(Folha de S. Paulo, 03/11/2014) Penitenciárias femininas paulistas proíbem namoros e só liberam o contato íntimo entre as presas depois do casamento, atestam advogados que defendem mulheres condenadas.
Por conta dessas restrições de comportamento, uniões como a de Suzane von Richthofen, revelada pela Folha na semana passada, são comuns.
Suzane, condenada por matar os pais, cumpre pena em uma das duas penitenciárias do município de Tremembé, no Vale do Paraíba. Na mesma região, em São José dos Campos, há um centro de ressocialização de regime semiaberto.
Nas três unidades, a união não costuma ser oficializada em cartório, mas pela direção do presídio, de acordo com advogados com clientes presas. Uma vez casada, a detenta dorme em cela especial com sua companheira, ao lado de três a cinco casais.
Nessas celas, como em qualquer outra da unidade, as camas são feitas de colchões finos para uma só pessoa. A diferença é que são isoladas por lençóis pregados com barbantes chamados de “quietos”, abreviação de “come quieto”, conta a advogada Viviane de Carvalho.
Bilhetinhos são vetados pela administração penitenciária, mas muitas paqueras começam com “pipas”, as cartas entre presas entregues clandestinamente.
A orientação sexual de uma mulher em geral é respeitada. Se uma presa se declarar heterossexual, não receberá “pipa”, segundo Carvalho, que trabalha para detentas dessas unidades. No entanto, é comum que mulheres casadas com homens quando livres passem a se relacionar com detentas depois de presas, afirma.
Em muitos casos, isso acontece porque as visitas a penitenciárias femininas são escassas. Sentindo-se sozinhas, presas se envolvem com colegas com mais naturalidade, opinam advogados, um padre e dois defensores públicos ouvidos pela Folha.
HÁBITOS E COSTUMES
O grande número de casamentos na cadeia provocou a criação de regras de conduta pelas próprias presas. Na hora do banho, por exemplo, as mulheres devem circular com toalhas que cubram sua visão para evitar o ciúmes de companheiras.

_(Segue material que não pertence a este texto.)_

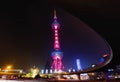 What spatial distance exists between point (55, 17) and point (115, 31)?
60443 mm

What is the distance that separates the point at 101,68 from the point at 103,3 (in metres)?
5.79

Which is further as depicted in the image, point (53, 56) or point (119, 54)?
point (53, 56)

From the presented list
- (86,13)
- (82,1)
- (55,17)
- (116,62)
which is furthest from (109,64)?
(55,17)

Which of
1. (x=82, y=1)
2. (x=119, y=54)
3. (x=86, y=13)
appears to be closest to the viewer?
(x=82, y=1)

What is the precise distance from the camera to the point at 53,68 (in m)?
60.8

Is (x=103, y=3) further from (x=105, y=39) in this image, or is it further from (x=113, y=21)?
(x=105, y=39)

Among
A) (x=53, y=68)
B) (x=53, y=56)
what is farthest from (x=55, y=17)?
(x=53, y=68)

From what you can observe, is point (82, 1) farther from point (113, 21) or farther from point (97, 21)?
point (113, 21)

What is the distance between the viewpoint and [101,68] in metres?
10.9

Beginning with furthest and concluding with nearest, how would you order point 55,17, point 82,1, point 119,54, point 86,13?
point 55,17
point 119,54
point 86,13
point 82,1

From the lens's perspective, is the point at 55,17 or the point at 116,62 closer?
the point at 116,62

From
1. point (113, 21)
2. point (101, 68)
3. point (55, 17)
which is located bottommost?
point (101, 68)

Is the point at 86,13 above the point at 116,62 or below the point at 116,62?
above

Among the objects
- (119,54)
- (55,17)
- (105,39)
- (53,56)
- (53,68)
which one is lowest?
(119,54) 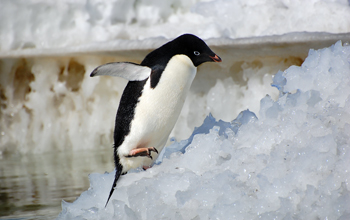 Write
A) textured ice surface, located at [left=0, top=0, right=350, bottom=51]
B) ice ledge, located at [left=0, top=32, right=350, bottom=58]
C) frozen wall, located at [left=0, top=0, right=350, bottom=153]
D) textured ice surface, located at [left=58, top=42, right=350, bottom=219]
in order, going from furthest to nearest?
textured ice surface, located at [left=0, top=0, right=350, bottom=51] → frozen wall, located at [left=0, top=0, right=350, bottom=153] → ice ledge, located at [left=0, top=32, right=350, bottom=58] → textured ice surface, located at [left=58, top=42, right=350, bottom=219]

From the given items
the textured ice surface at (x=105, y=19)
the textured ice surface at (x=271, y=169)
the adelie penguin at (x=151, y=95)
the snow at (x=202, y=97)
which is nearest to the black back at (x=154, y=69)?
the adelie penguin at (x=151, y=95)

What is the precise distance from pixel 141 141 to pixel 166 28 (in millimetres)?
2097

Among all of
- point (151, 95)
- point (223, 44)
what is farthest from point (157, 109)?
point (223, 44)

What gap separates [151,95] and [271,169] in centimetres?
63

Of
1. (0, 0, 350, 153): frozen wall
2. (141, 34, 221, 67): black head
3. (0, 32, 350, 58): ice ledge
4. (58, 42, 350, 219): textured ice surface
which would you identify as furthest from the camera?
(0, 0, 350, 153): frozen wall

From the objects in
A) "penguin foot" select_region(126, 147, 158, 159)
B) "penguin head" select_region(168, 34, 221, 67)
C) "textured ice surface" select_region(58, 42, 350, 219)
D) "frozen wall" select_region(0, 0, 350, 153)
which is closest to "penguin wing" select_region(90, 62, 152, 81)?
"penguin head" select_region(168, 34, 221, 67)

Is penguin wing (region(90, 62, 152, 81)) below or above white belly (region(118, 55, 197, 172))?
above

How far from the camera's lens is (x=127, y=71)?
161cm

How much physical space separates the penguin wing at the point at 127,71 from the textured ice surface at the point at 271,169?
0.40 meters

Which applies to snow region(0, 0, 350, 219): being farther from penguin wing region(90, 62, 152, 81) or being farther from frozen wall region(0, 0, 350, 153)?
penguin wing region(90, 62, 152, 81)

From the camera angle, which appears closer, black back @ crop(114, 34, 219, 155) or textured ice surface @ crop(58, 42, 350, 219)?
textured ice surface @ crop(58, 42, 350, 219)

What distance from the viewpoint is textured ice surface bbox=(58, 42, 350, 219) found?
104 centimetres

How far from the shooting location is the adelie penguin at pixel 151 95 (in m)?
1.59

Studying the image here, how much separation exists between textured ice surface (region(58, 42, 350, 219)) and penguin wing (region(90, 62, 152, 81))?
40 cm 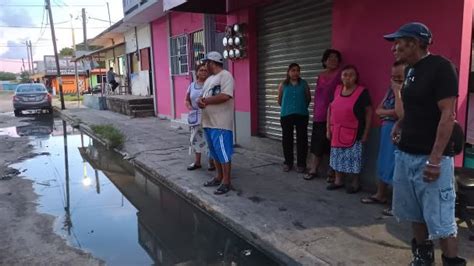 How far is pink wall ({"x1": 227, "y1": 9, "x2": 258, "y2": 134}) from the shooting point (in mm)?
7660

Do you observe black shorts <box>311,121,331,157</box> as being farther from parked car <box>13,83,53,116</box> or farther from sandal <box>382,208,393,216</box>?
parked car <box>13,83,53,116</box>

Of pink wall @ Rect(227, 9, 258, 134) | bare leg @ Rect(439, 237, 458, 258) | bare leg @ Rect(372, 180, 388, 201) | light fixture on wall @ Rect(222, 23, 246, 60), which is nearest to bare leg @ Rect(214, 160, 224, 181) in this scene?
bare leg @ Rect(372, 180, 388, 201)

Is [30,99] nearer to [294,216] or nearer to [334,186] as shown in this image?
[334,186]

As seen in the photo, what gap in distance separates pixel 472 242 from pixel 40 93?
20.4 m

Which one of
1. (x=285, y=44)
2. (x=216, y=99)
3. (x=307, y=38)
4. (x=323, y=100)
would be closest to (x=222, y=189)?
(x=216, y=99)

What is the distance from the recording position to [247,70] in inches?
308

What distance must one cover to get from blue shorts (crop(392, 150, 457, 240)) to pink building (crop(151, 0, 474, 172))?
164cm

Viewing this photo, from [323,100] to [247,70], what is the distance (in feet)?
8.71

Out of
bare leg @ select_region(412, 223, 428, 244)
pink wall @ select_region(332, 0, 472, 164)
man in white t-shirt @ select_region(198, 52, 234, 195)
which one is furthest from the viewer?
man in white t-shirt @ select_region(198, 52, 234, 195)

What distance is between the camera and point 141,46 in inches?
669

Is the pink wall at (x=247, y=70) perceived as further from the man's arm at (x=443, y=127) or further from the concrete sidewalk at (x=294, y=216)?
the man's arm at (x=443, y=127)

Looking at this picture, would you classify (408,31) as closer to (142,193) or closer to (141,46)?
(142,193)

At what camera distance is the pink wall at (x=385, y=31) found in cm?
405

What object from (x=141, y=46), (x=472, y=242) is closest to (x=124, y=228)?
(x=472, y=242) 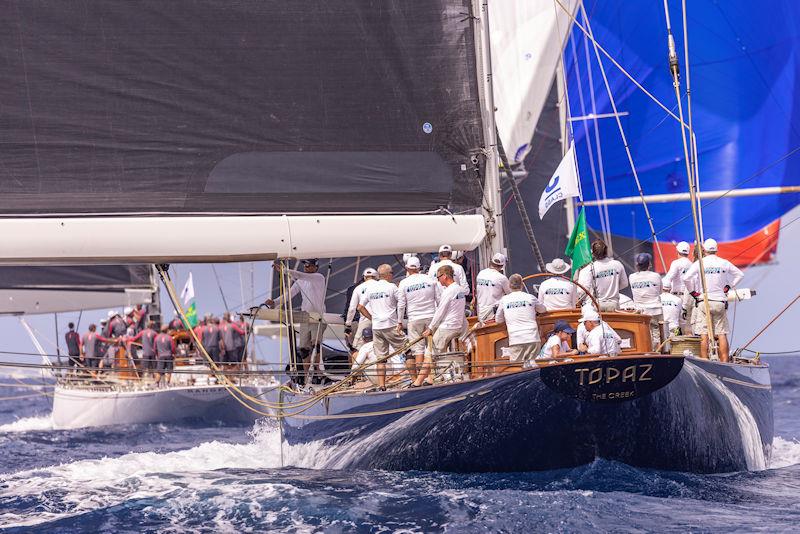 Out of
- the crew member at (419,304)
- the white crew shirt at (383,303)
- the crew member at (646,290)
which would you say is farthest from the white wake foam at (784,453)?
the white crew shirt at (383,303)

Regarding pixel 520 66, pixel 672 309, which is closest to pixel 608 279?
pixel 672 309

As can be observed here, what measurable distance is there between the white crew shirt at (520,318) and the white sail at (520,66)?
19.6 m

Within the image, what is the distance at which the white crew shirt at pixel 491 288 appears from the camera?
13398 mm

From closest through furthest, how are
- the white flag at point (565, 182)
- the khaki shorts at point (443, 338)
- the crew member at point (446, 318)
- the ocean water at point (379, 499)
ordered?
the ocean water at point (379, 499)
the crew member at point (446, 318)
the khaki shorts at point (443, 338)
the white flag at point (565, 182)

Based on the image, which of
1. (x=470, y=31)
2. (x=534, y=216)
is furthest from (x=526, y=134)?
(x=470, y=31)

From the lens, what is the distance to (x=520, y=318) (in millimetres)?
12539

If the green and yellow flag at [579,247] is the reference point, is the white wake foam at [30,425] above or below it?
below

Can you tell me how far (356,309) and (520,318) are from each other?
297 centimetres

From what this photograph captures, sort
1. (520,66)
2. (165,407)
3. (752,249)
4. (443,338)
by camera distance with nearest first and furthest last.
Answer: (443,338) < (165,407) < (752,249) < (520,66)

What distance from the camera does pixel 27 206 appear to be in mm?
13117

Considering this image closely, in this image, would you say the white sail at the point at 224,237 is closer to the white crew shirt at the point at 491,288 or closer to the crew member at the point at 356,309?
the white crew shirt at the point at 491,288

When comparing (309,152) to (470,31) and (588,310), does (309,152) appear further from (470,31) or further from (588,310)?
(588,310)

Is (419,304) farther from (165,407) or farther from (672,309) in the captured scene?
(165,407)

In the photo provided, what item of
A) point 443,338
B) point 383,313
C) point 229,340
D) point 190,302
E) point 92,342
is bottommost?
point 443,338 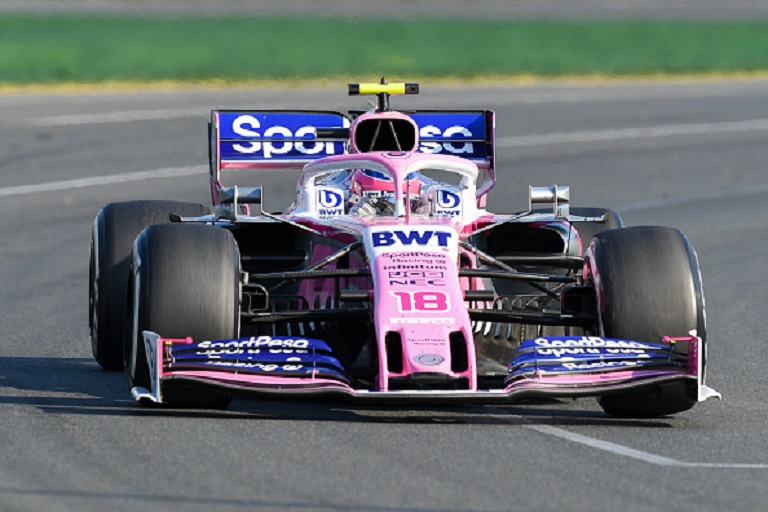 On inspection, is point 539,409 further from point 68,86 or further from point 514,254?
point 68,86

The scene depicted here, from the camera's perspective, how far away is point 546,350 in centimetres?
940

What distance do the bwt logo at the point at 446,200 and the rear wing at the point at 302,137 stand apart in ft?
4.69

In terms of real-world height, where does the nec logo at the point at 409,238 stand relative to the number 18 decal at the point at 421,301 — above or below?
above

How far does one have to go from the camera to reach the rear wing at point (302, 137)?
12781 millimetres

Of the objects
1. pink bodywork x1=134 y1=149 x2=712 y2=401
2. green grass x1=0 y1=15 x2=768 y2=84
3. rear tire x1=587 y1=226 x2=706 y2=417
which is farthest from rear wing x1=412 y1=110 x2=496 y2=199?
green grass x1=0 y1=15 x2=768 y2=84

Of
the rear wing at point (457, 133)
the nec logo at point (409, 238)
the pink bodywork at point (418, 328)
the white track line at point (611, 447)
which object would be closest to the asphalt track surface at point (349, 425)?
the white track line at point (611, 447)

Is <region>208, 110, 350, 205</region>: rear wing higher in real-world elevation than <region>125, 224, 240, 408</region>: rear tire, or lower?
higher

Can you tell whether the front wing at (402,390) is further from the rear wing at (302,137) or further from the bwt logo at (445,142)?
the bwt logo at (445,142)

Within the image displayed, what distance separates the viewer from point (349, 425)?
9.25 meters

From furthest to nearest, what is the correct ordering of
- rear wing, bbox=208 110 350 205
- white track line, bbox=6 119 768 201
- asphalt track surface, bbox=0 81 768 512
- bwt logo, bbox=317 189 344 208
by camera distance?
1. white track line, bbox=6 119 768 201
2. rear wing, bbox=208 110 350 205
3. bwt logo, bbox=317 189 344 208
4. asphalt track surface, bbox=0 81 768 512

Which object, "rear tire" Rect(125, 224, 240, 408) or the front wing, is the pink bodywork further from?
"rear tire" Rect(125, 224, 240, 408)

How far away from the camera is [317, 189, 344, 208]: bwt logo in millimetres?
11328

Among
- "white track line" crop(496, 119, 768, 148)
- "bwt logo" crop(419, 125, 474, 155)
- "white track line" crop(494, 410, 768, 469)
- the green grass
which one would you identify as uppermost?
the green grass

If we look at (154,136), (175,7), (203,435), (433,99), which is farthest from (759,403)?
(175,7) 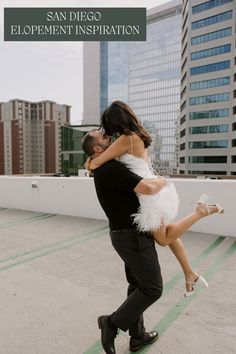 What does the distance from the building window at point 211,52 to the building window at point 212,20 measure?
6058mm

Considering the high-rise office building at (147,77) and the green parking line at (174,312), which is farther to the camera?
the high-rise office building at (147,77)

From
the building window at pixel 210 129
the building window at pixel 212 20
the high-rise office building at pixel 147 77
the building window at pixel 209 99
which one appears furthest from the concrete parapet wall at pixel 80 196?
the high-rise office building at pixel 147 77

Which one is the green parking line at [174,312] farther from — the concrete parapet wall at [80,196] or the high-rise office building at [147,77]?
the high-rise office building at [147,77]

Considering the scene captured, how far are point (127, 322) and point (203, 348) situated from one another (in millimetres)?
711

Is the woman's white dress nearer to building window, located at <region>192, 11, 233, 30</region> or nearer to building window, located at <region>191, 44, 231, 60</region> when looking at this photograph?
building window, located at <region>191, 44, 231, 60</region>

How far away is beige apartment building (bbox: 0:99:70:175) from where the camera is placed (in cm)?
12006

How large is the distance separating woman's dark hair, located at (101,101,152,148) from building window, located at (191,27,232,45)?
262 feet

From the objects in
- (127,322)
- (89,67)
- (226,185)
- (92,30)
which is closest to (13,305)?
(127,322)

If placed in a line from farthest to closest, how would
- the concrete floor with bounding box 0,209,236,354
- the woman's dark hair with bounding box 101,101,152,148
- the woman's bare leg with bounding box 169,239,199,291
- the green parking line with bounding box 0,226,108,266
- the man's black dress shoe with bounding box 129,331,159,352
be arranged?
the green parking line with bounding box 0,226,108,266 < the concrete floor with bounding box 0,209,236,354 < the man's black dress shoe with bounding box 129,331,159,352 < the woman's bare leg with bounding box 169,239,199,291 < the woman's dark hair with bounding box 101,101,152,148

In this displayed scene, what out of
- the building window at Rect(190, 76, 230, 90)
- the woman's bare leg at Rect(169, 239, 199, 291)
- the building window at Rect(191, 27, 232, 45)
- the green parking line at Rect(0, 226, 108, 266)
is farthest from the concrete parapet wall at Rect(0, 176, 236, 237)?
the building window at Rect(191, 27, 232, 45)

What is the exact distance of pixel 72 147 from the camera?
6981 centimetres

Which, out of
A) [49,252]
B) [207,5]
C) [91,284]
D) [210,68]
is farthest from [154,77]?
[91,284]

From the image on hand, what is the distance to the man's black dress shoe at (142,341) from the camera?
2.22 meters

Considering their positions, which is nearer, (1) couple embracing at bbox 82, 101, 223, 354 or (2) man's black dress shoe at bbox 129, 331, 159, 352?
(1) couple embracing at bbox 82, 101, 223, 354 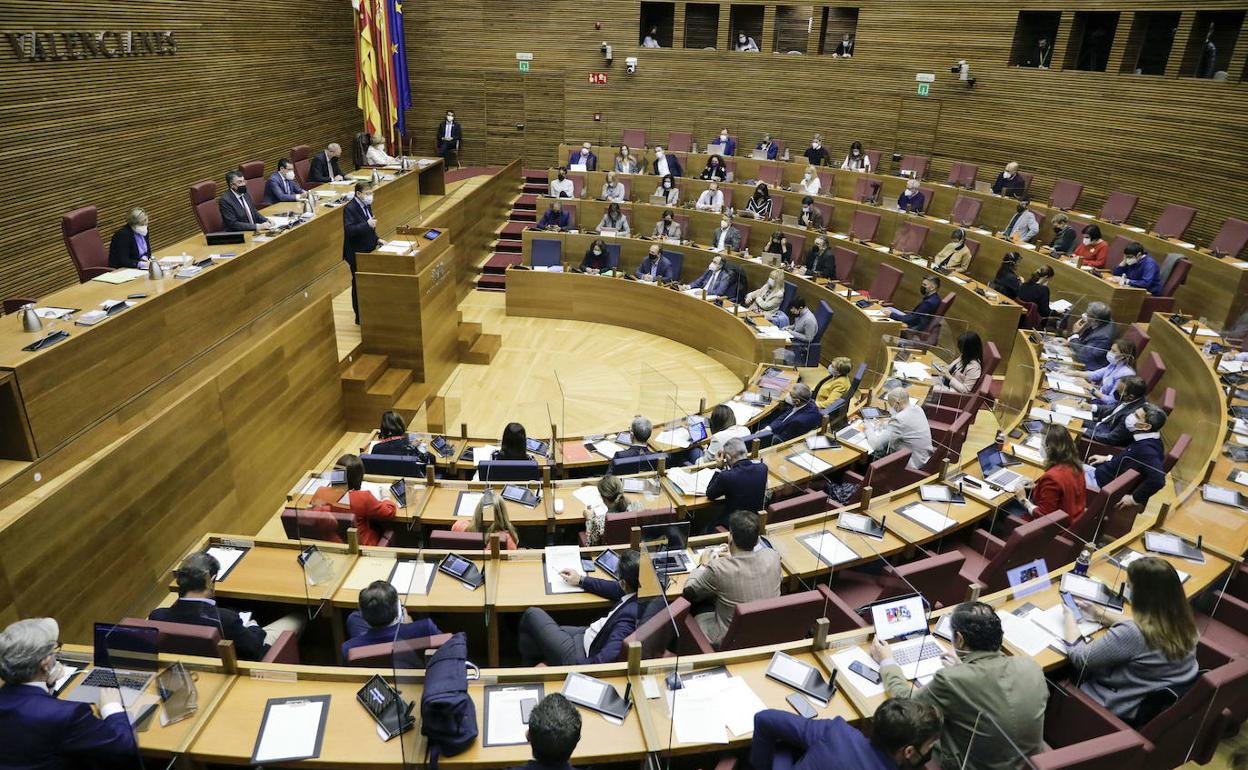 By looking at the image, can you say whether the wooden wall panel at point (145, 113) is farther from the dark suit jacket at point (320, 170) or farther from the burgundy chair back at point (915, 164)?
the burgundy chair back at point (915, 164)

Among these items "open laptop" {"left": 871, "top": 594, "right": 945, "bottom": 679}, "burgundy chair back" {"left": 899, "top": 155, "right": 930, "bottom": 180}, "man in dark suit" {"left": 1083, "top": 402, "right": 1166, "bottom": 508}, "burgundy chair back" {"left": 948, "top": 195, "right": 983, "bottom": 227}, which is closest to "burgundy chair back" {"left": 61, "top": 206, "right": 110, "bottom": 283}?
Result: "open laptop" {"left": 871, "top": 594, "right": 945, "bottom": 679}

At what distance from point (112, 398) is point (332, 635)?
255 cm

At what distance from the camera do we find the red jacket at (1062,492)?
4668 mm

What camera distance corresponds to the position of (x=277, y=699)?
3.03 meters

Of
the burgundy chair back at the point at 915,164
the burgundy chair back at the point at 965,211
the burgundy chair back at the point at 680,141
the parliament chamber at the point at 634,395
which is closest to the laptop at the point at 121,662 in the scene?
the parliament chamber at the point at 634,395

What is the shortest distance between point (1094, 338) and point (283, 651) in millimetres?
7441

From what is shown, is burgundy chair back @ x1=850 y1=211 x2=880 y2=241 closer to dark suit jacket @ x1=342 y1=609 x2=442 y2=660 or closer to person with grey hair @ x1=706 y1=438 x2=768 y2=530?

Uma briga mais acalorada pode ser considerada falta grave pela direção da cadeia, levando à regressão de pena.
Como o acesso a bens materiais é restrito, dificilmente uma presa pode oferecer um presente à sua parceira. Agrados oferecidos são, por exemplo, serviços advocatícios.
O advogado William Telles relata que uma cliente presa em Tremembé pagou R$ 1.500 para que ele cuidasse de um processo administrativo contra sua companheira.
Os casamentos também fazem bem à autoestima das presas. Nas penitenciárias de Tremembé, onde detentas trabalham, o salário é gasto em parte com a compra de produtos de beleza.
Esmaltes, lixas, lâminas para depilar e tintas de cabelo são objetos presentes nas listas mensais de compras. Como nenhum produto que contenha álcool é permitido, a acetona, para remover esmaltes, é substituída por óleo de banana.
Apesar de todas as restrições, casais põem à prova sua lealdade atrás das grades. Segundo o advogado Telles, há alguns meses uma presa em Tremembé pediu para ficar na cela de isolamento com a parceira enquanto ela tivesse que cumprir o castigo por desacato.
A Secretaria de Administração Penitenciária do Estado de São Paulo afirmou, em nota que na penitenciária feminina Santa Maria Eufrasia Pelletier, de Tremembé, onde Suzane cumpre pena, “as presas que tiverem interesse nessa união devem manifestar essa vontade por escrito, a qual será analisada pela área de segurança da unidade penal, apenas sob o ponto de vista de segurança e disciplina”.
“O ‘termo de compromisso para fins de união celular’ é solicitado pela direção da unidade penal. Esse documento é meramente administrativo e não produz nenhum efeito legal.”